With enhanced ambience in mind, Sherwin-Williams Aerospace recently introduced Jet Suede, a two-component urethane topcoat that looks and feels good. It delivers a textured surface that’s easily cleaned and is a cost-efficient alternative to leather and fabrics.
Voisin comments: “The product sits alongside JetFlex Elite, which offers colours responsive to LED lighting. These coatings create a subtle glow with highlights and coloured shadows not seen with other coatings.”
Ambience is key to comfort
The outlook is similar at AkzoNobel, where John Griffin says: “Cabin ambience is key to passengers’ comfort and trust.

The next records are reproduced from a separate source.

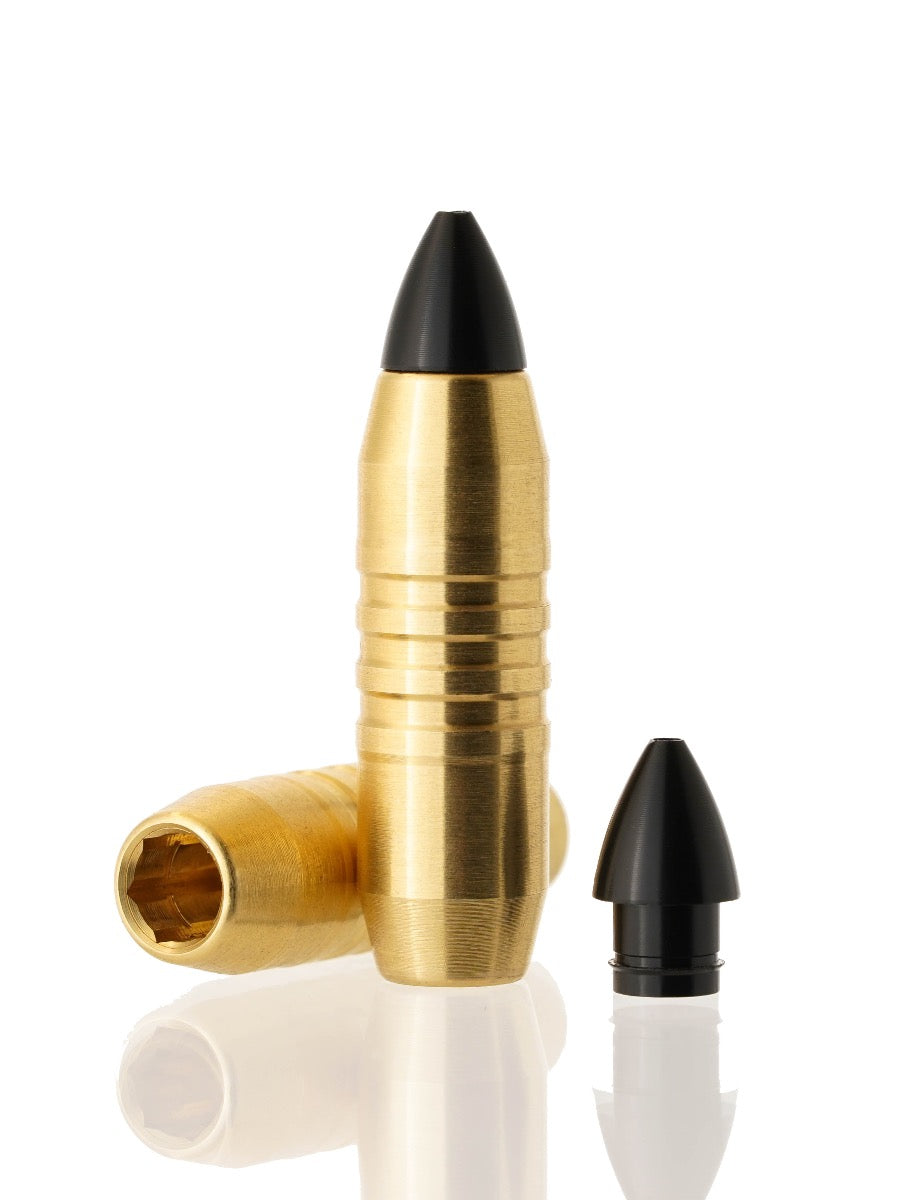 brass hollow point tipped rifle bullet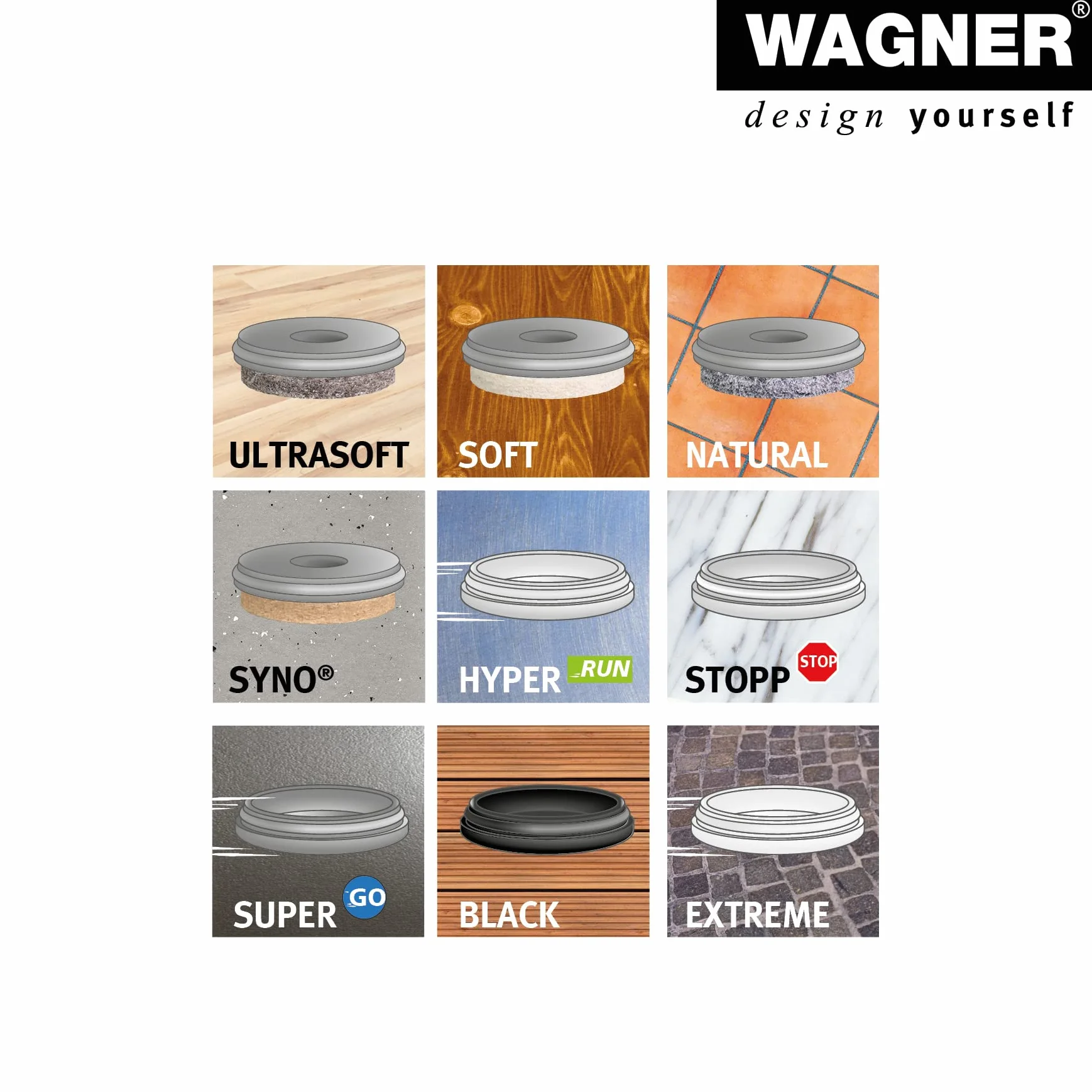 Wagner QuickClick® ślizgacze z tworzywa sztucznego – zestaw 4 nakładanych podstawek i 4 wymienne wkładki ślizgowe – tworzywo sztuczne Hyper – Ø 30 do krzeseł Vitra DSR DAR DKR – Made in DE – 16780100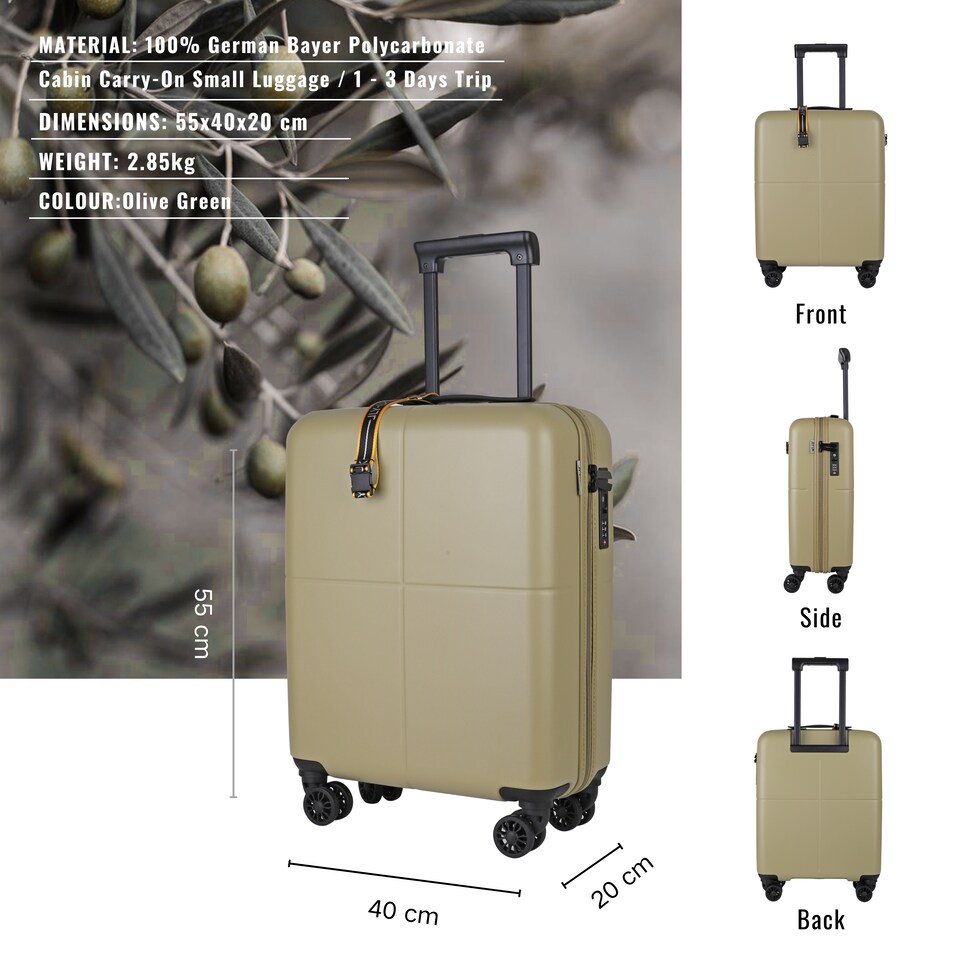 image 1 of Premium 100% Makrolon PC Hardshell Small Carry-On Cabin Suitcase 19’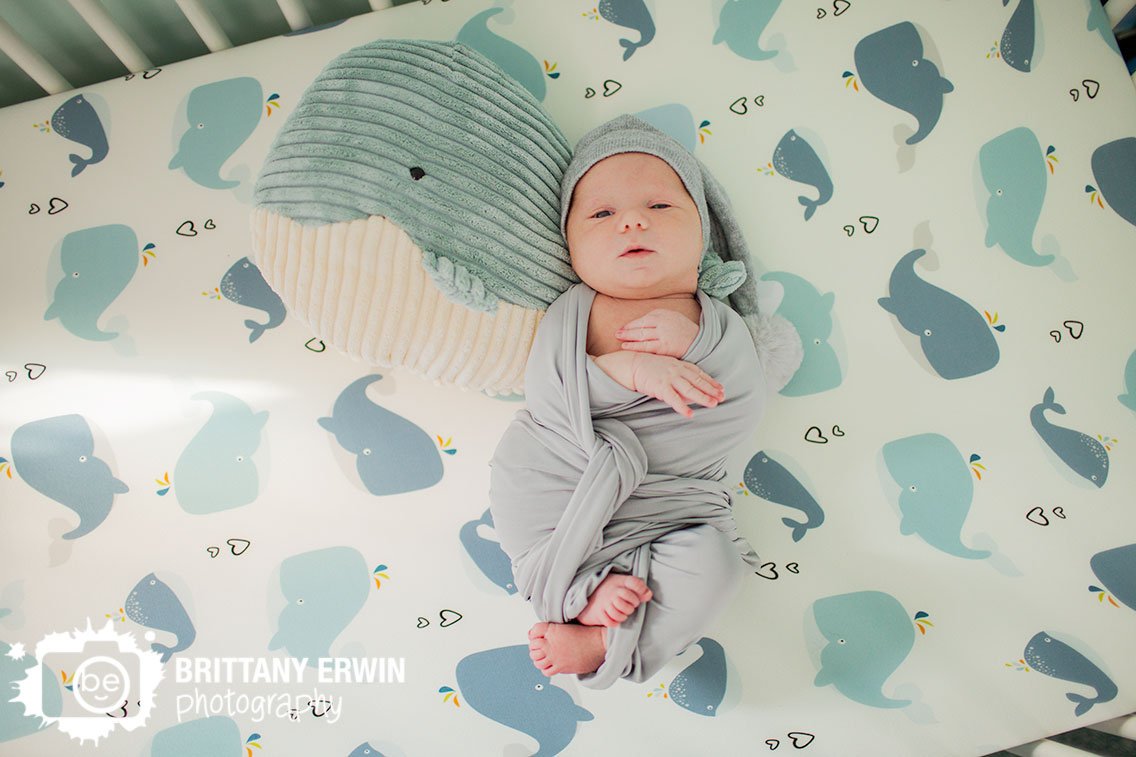 Indianapolis-in-home-lifestyle-newborn-photographer-wrapped-boy-in-whale-crib.jpg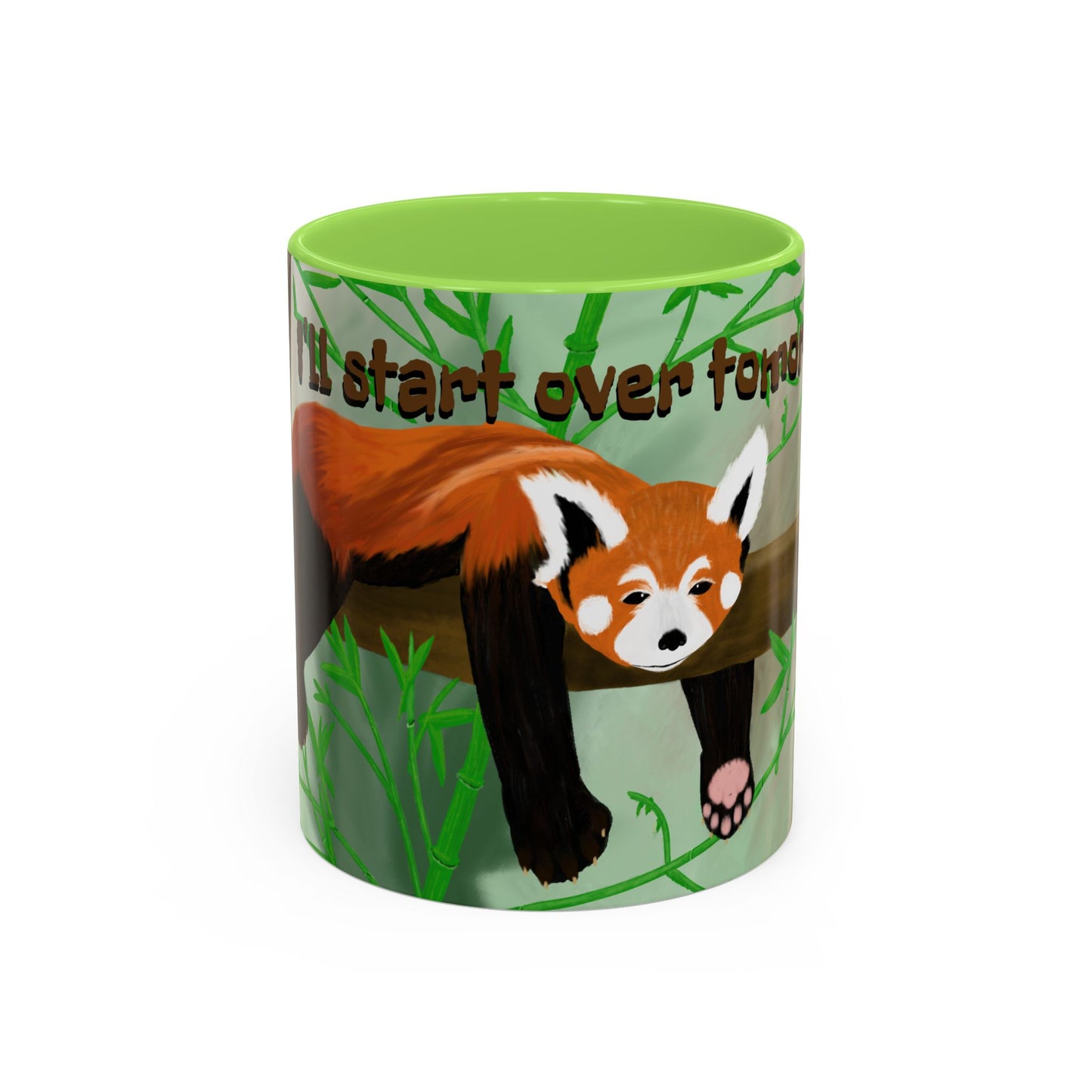 "I'll start over tomorrow" mug with cartoon red panda
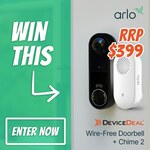 Win an Arlo Wireless Security Doorbell + Chime (RRP $399) from DeviceDeal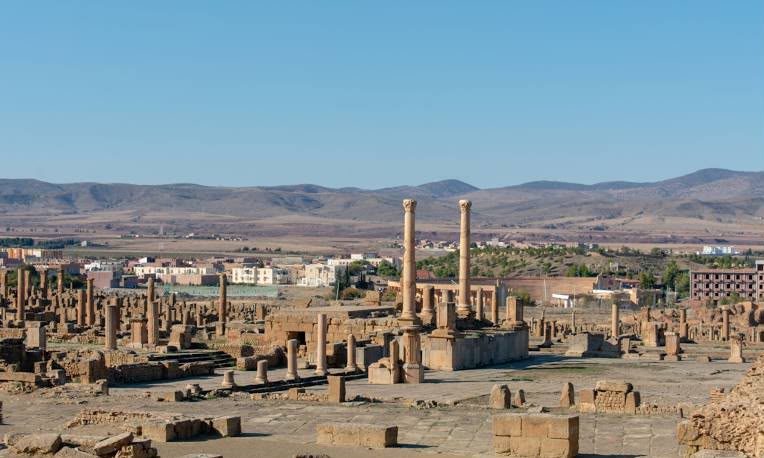 Ruins of Timgad below the Aurès mountains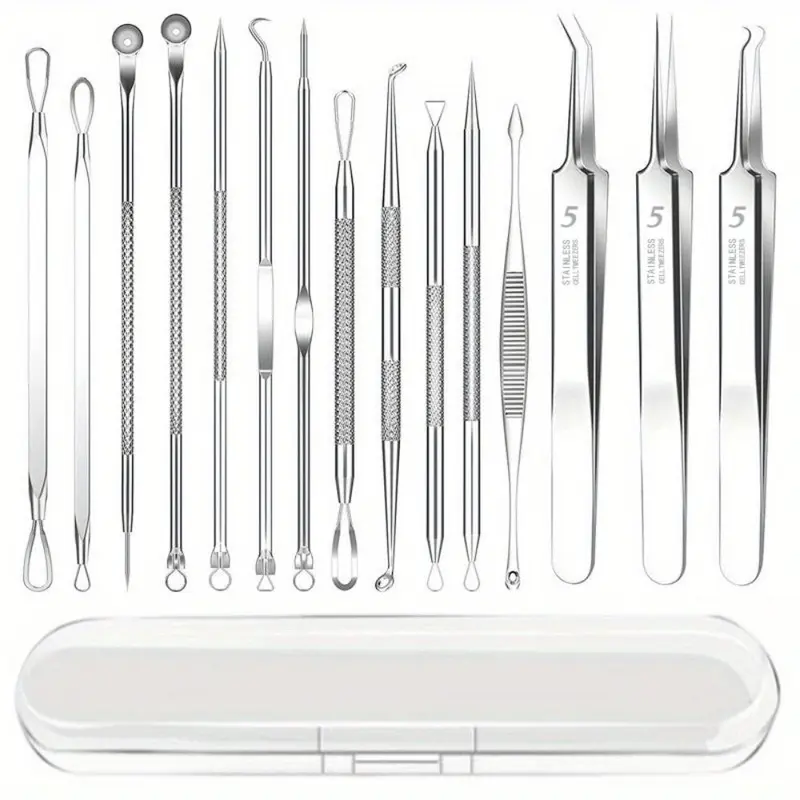 Stainless Steel Pimple Popper Tool Set, Blackhead Cleaning Tool, Facial Blackhead Remover, Pimple Tweezers, Professional Acne Extractor, Skin Blemish Removal Tool for Forehead Nose Face, Blackhead Cleansing Tool, Facial Care Tools, Beauty Equipment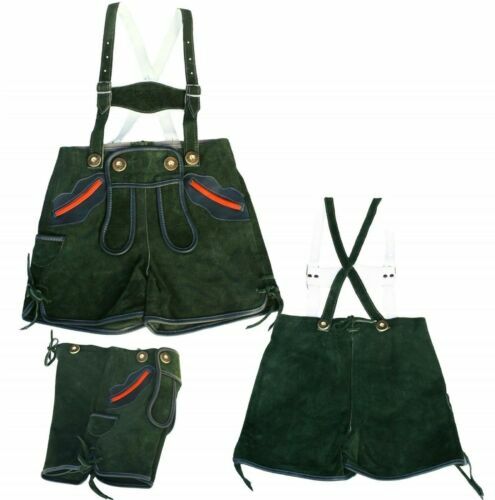 Trachten Für Jungen Kinder Lederhose Leo Blau – Kurze Trachtenhose Mit Trägern, Veloursleder Lederhose Kinder 104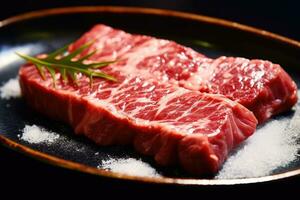 japanisch Rindfleisch auf Anzeige, Nahansicht von trocken gereift und gegrillt wagyu Rindfleisch Steak auf ein rustikal hölzern Schneiden Tafel. foto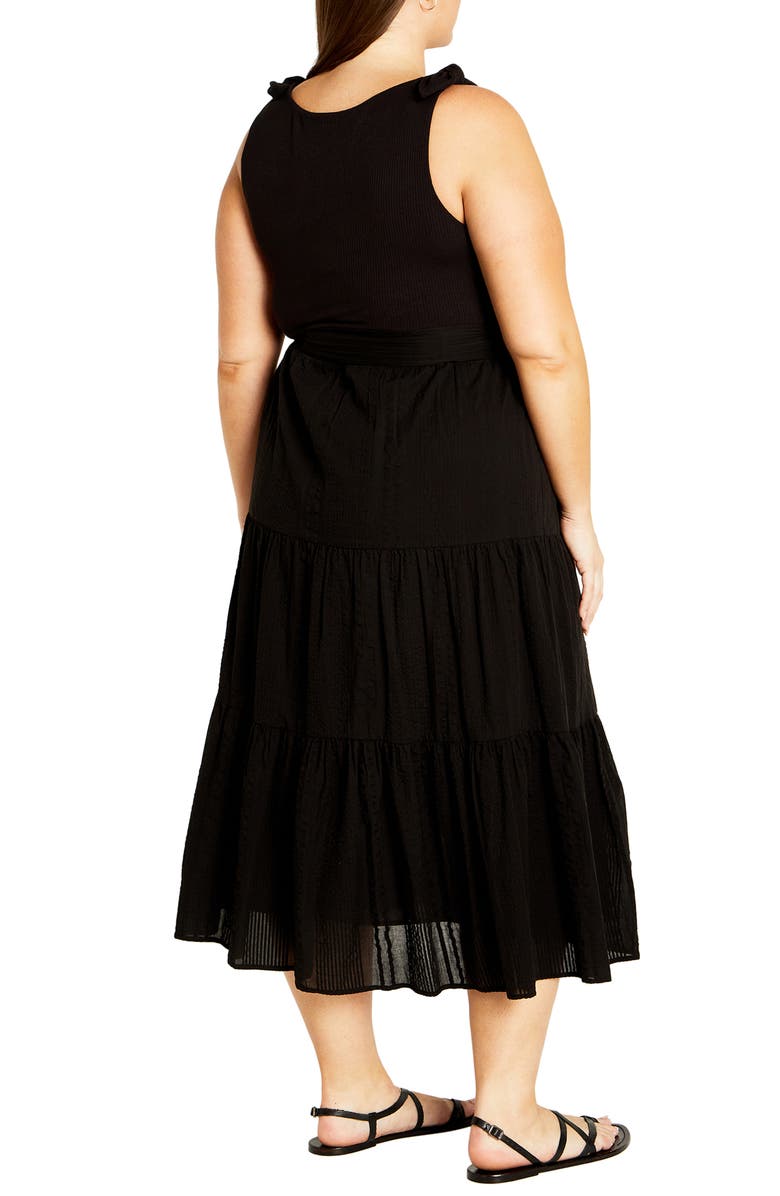 City Chic Hallie Mixed Media Tiered Midi Dress, Alternate, color, Black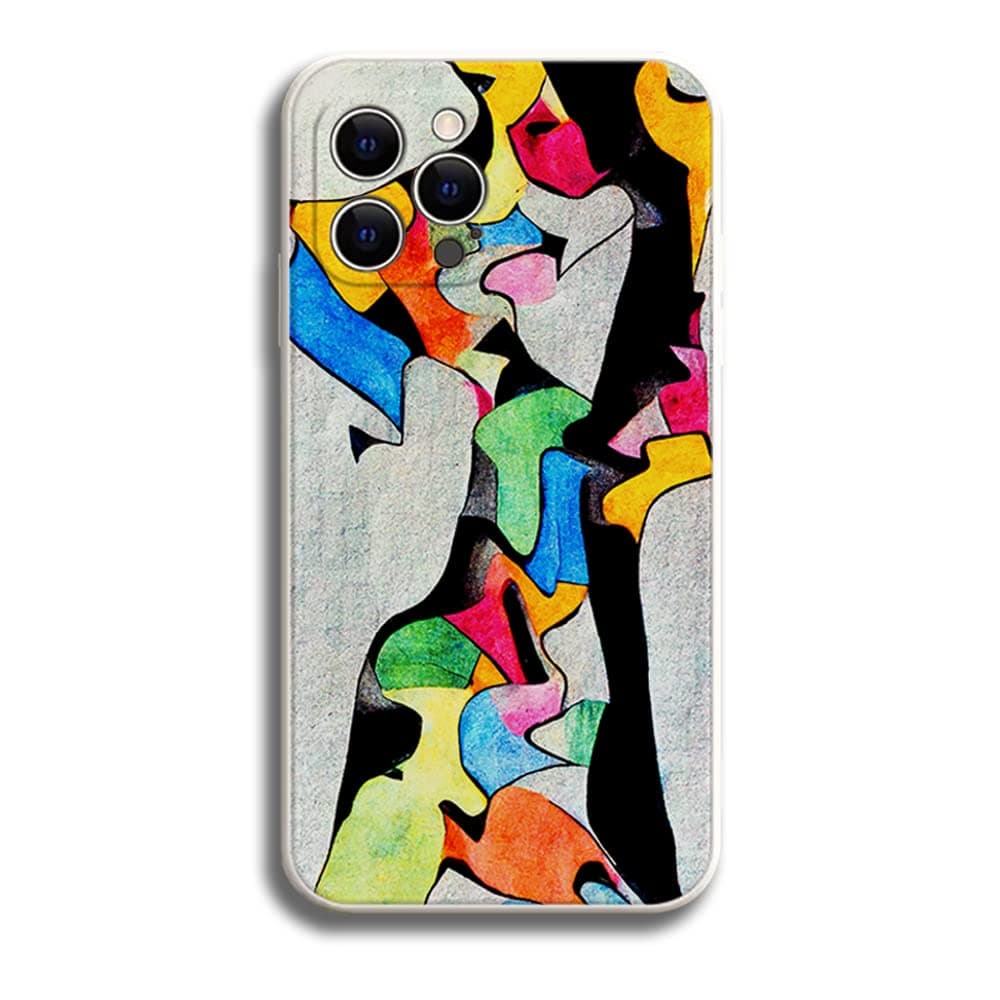 Compatible with iPhone 13 Pro Max Case,Colorful Aesthetic Abstract Graffiti Mordern Art Cases for Women Girls,Pattern Design Shockproof Anti-Scratch Soft Silicone Case for Apple iPhone 13 Pro Max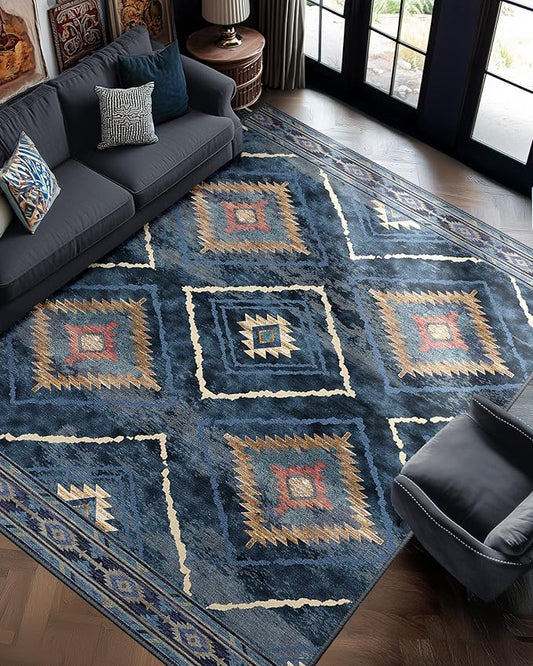 Area Rug 8x10 Rug Machine Washable Non-Slip Low Pile Print Pattern Western Rug for Living Room Bedroom Entryway Tribal Series -Darkblue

We’ve done a lot of work on colours, but lighting and painted surfaces also have a key role in enhancing light diffusion.
“We’ve developed a new-generation paint range with a very smooth texture; it’s been adopted by many OEMs as their standard finish. Meanwhile, our Intura soft-touch films provide a luxurious feel while still meeting stringent requirements for flame retardance, cleanability and chemical resistance.”
Given its slightly different portfolio, Adhetec approaches cabin ambience from another angle, but one nonetheless based, according to Nathalie Kujawa, on the belief that passenger experience begins with feeling good. “It’s the feelings you have on a journey that make you want to travel again. Of course, Covid-19 has changed how we travel, and our perception of hygiene, yet it is possible to combine a design promoting a favourable ambience with safety.
“On that basis, we’re adding Adheskin decorative foil to our laminate range. It uses Pylote’s antimicrobial technology and satisfies requirements for aesthetics, personalisation, design versatility and safety.”
Kujawa hints at the changing expectations of an emerging market where the traditional values of passenger experience remain, but with the critical addition of enhanced hygiene. AkzoNobel is observing a similar trend and is also not alone in subjecting existing products to enhanced testing in light of Covid-19.
“Since March, our liquid cabin range has been laboratory tested under harsher conditions than normal,” asserts Griffin.
Looking ahead, he echoes the industry’s sentiment. “The OEMs and equipment manufacturers are expecting a lot. In the short term this means coated surfaces will have to resist regular cleaning, retaining their appearance.
“In the medium term, it is probable that all cabin surfaces will need to demonstrate enhanced ‘hygiene performance’, but the new materials and additives required to achieve this will need to be qualified to aviation requirements and that will take time.”